Pedneau is best known as a mystery novelist, especially his "letter-perfect" series teaming a hard-boiled cop and a beautiful newspaper reporter: "A.P.B.," "D.O.A." and "B.O.L.O.," so far. "A.K.A." is due in June and "B&E" about a year from now.

That's why Ballantine Books keeps insisting that he use a pen name for his horror novels. The publisher thinks readers might be put off if they see his name and expect a straight action mystery.

So Pedneau's 1987 vampire novel, "So Dear the Dawn," came out as by Marc Eliot. "Night, Winter, and Death" is by Lee Hawks, although astute readers will spot Pedneau's name on the copyright inside.

Pedneau said he really wanted to write horror tales when he started, but his mysteries clicked first.
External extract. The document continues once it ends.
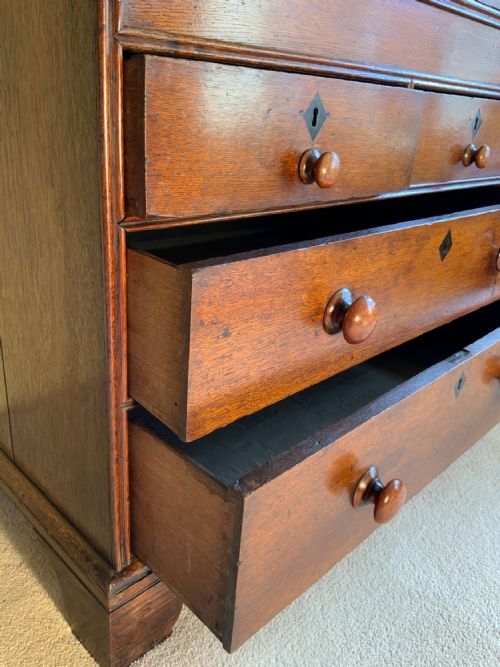 GEORGIAN OAK BUREAU OF SMALL PROPORTIONS - ADDITIONAL PHOTO 4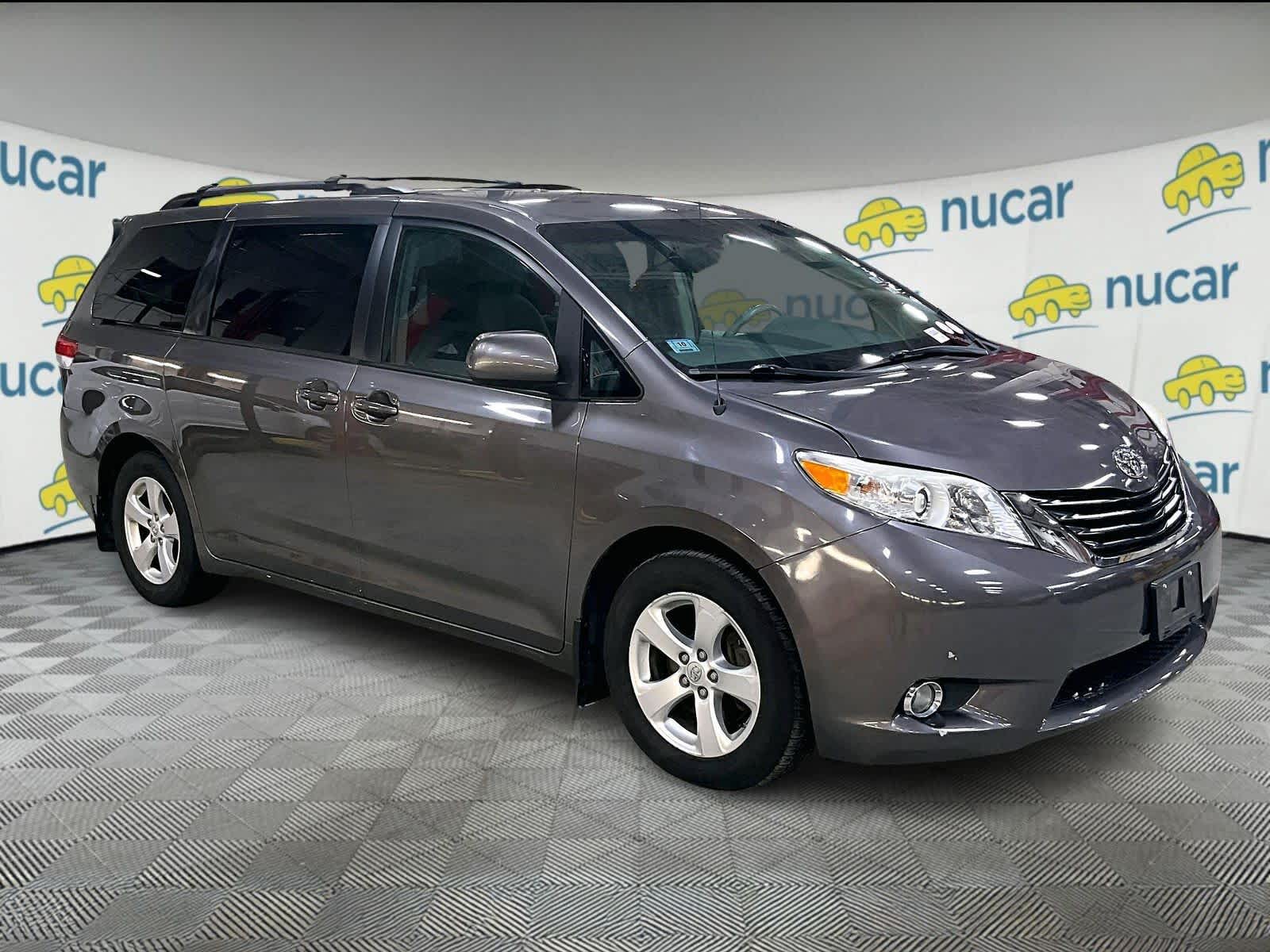 2014 Toyota Sienna LE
In fact, the vampire novel was the first he wrote, but it was published later.

Still, he described his first published mystery, "Presumption of Innocence" (1985), as a werewolf novel in disguise, since its human villain was more of a monster than Lon Chaney ever thought of being in those old films. Having worked in the criminal justice system for 12 years, first as a magistrate and later with the Mercer County (W.Va.) Sheriff's Department, Pedneau said he saw enough monsters in human form to populate all the horror novels he cares to write.
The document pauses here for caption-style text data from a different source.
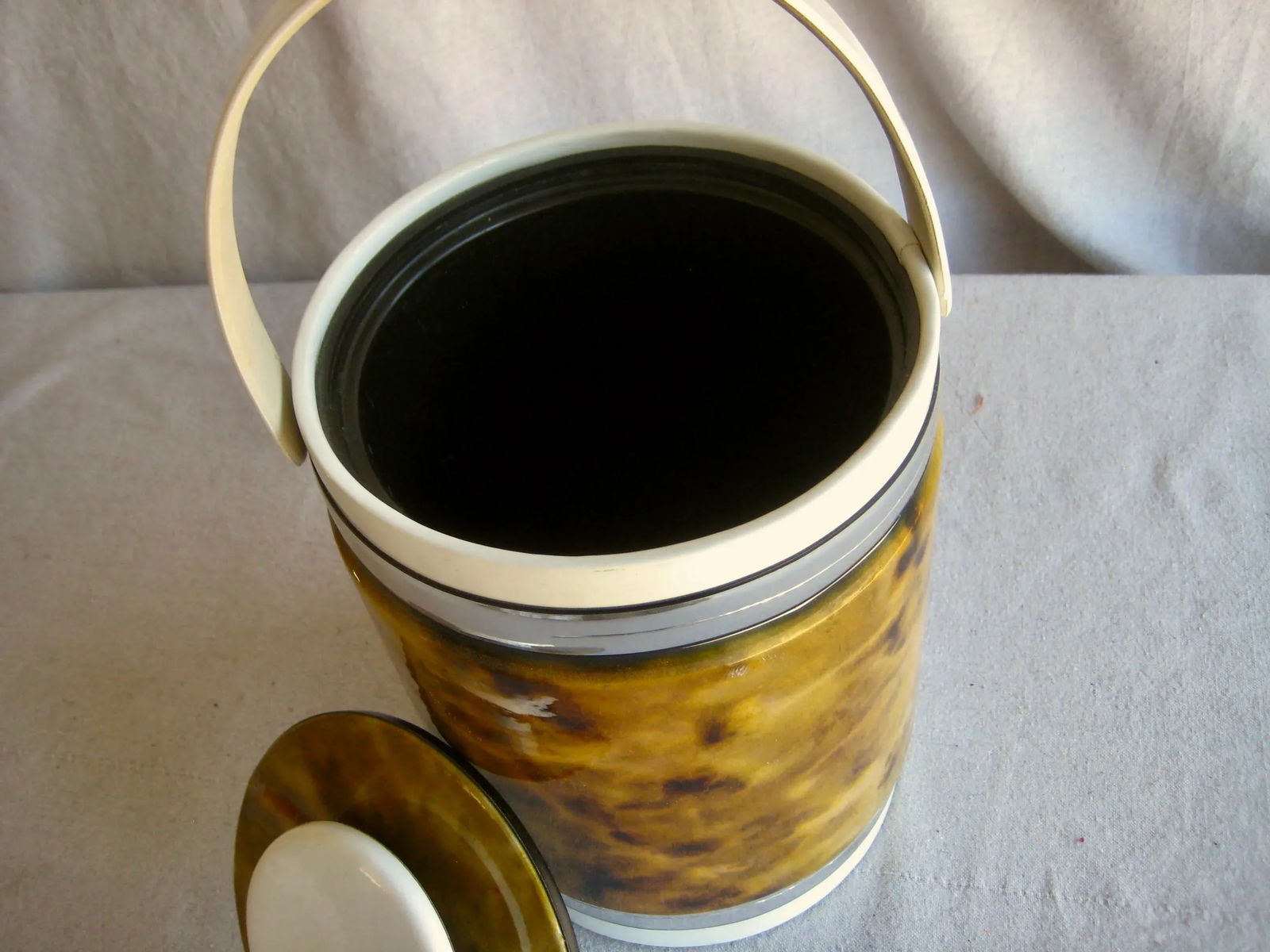 Mid Century Modern American Ice Bucket Circa 1970 - 4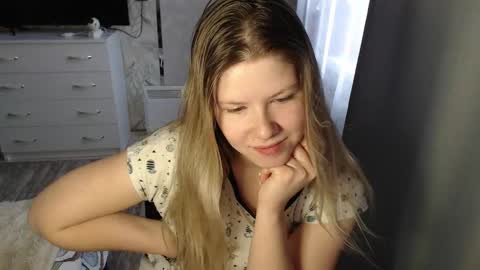 Snapshot of melissa__ray chatting on February 2025 10:45:01 AM Melissa Ray online show from February 2025 10:45:01 AM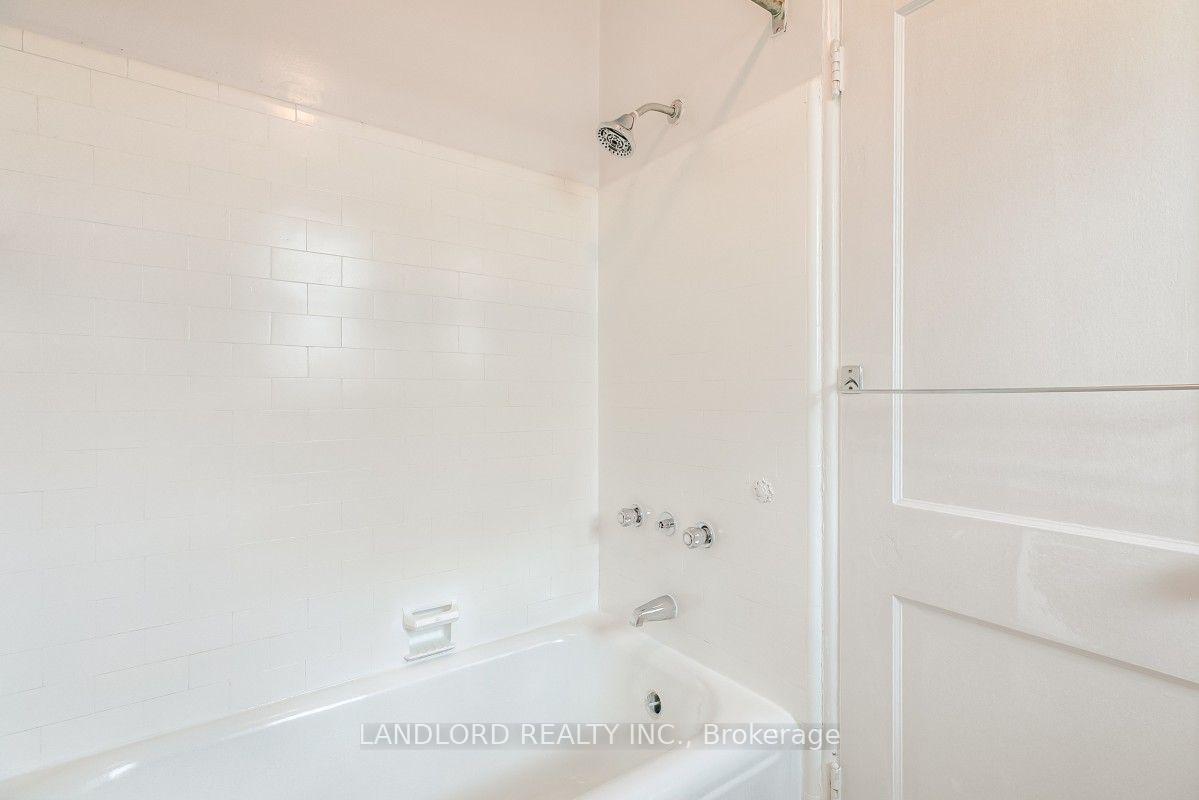 Photo 18 of Unit Upper, 20 Acacia Road, Toronto, Mount Pleasant West — HOMEH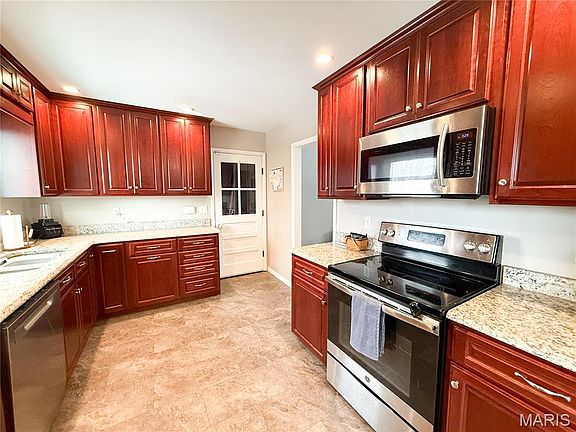 5th image of 6 Fair Oaks Dr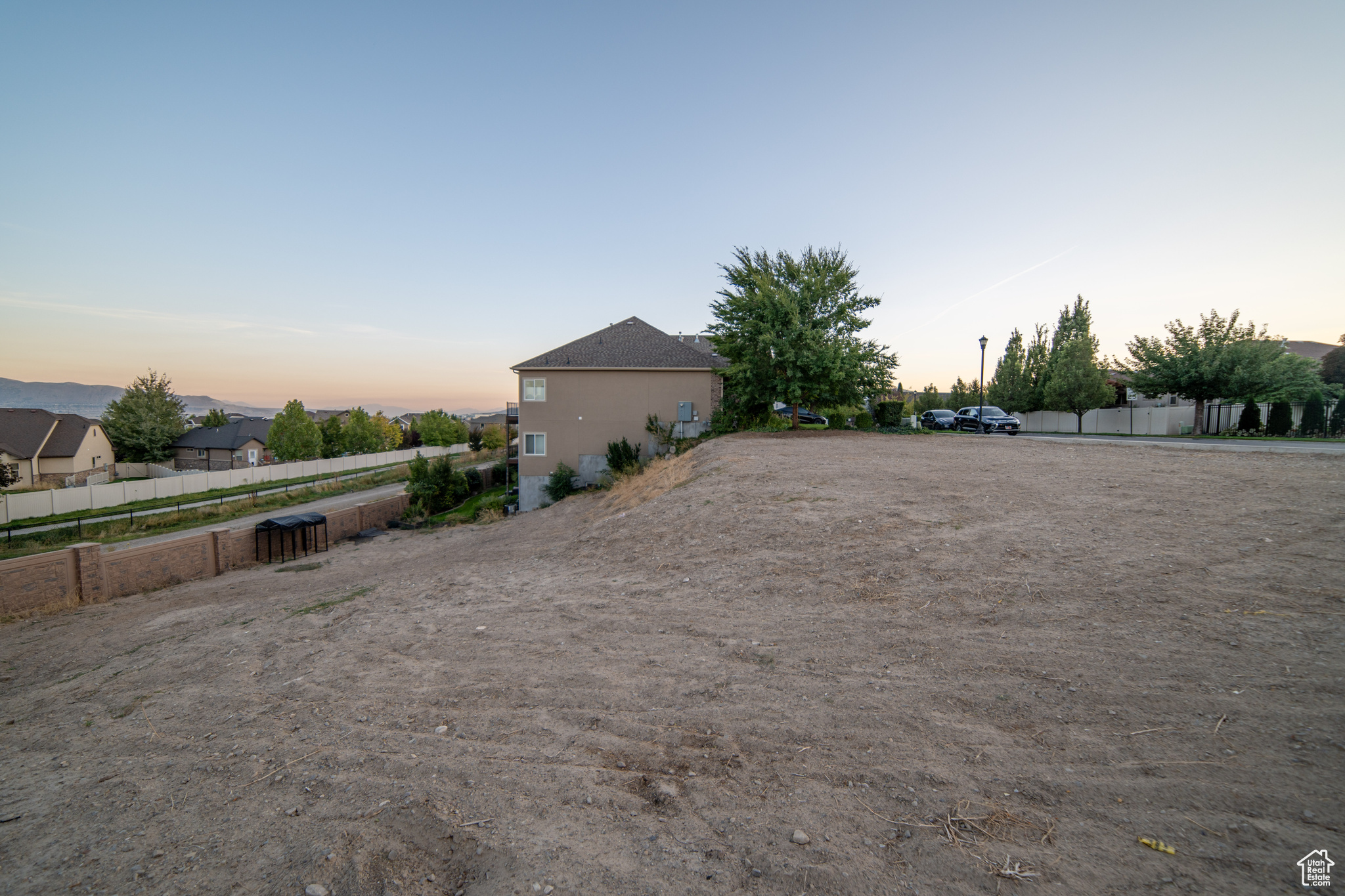 JORDAN HEIGHTS - Land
"I don't know whether I can finally get to where I can do that instead of doing the mysteries," he said, but he does have another horror novel in the works. "I'm going to always try to get it under my name," he said, but it will likely end up as "by Lee Hawks."

"I've exorcised the typical horror writers' demons now," he said, having written about vampires and werewolves. He has no plans to go down the monster list and do stories about reincarnated mummies, a Frankenstein's monster or an invisible man, he said, although he is an unabashed fan of the old movies featuring those creatures.

Pedneau's cast is like that of a disaster movie; you never know who will die next and, when someone does, it is graphically conveyed. Decapitations and blood-lettings abound. But the characters have depth; they're not simply food for the beast. Heroism - and barbarism - arise from unexpected sources.

"Night, Winter, and Death" is due from Ballantine Books this month in paperback.